Experimental Results and Numerical Analysis

The study uses LibriSpeech, focusing on large-scale paired audio-text and text-only data. Major findings:

• Encoder-dominated CTC + AED models with text-utilization achieve 1.49-1.60% WER (dev clean), outperforming traditional decoder-heavy LMs.
• TTS-based training of CTC + AED achieves 1.57% WER (dev clean), while pseudo-speech-encoder-based models reach 2.01% (dev clean) for pure CTC.
• Higher text-only data ratios correlate with better WER, but increase training time and data throughput requirements.
• Increasing the fraction of encoder layers exposed to text data yields incremental WER improvements; optimal split is approximately 4 speech-only and 12 text-level encoder layers.

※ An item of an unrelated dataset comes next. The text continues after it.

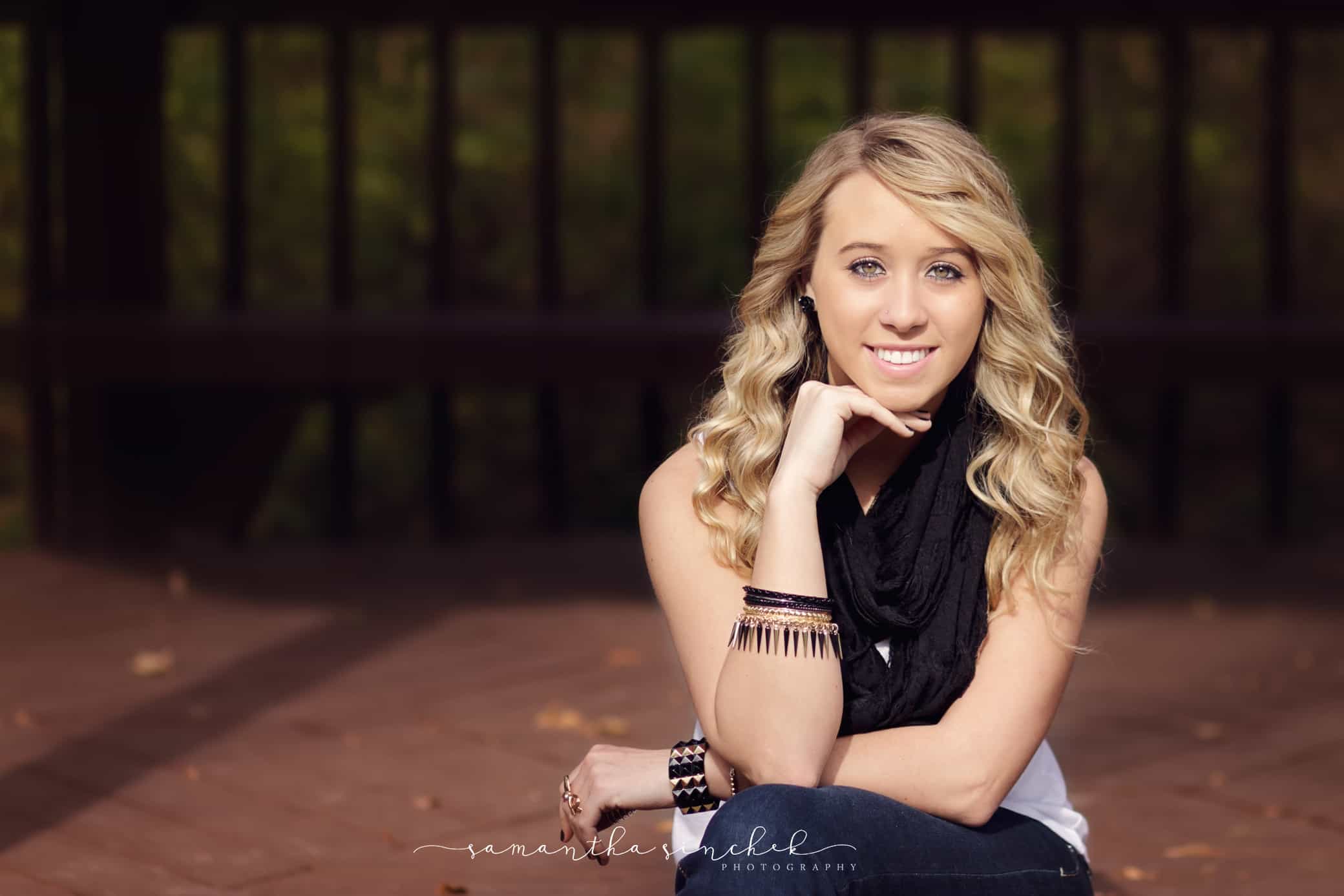 high school senior wearing scarf at photo session in blue ash ohio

These results underscore that text-only data contributes most effectively when integrated into the encoder training pipeline, especially in models architected with high encoder-to-decoder layer ratios.

Practical and Theoretical Implications

This work has substantial implications for ASR system design:

• Practical: Avoiding TTS reduces computational cost and pipeline complexity. Efficient training and recognition are realized via encoder-dominated models with small decoders, directly compatible with pseudo-speech-encoder training on massive text corpora.
• Theoretical: The findings challenge the necessity of complex duration modeling and modality matching, suggesting that text-speech alignment can be accomplished with simple stochastic models in the encoder pathway.
• Hybrid Training: Combining TTS and encoder text-utilization further improves recognition, but the trade-off favors pseudo-speech-encoder methods for most practical scenarios due to their reduced resource demand.

Future work will explore hybrid architectures and deeper analysis of TTS versus pseudo-speech encoding. Potential directions include leveraging larger or multilingual text corpora and integrating external LMs within encoder-dominated frameworks.

Conclusion

Overall, the paper establishes that encoder-dominated architectures with integrated text-only data via pseudo-speech-encoders are both efficient and effective for ASR. Simple random duration models suffice, obviating the need for complex modality matching or duration prediction. While there remains a gap to TTS-based text-utilization, pseudo-speech-encoding offers superior scalability and operational simplicity, setting the stage for further advancements in resource-efficient ASR training.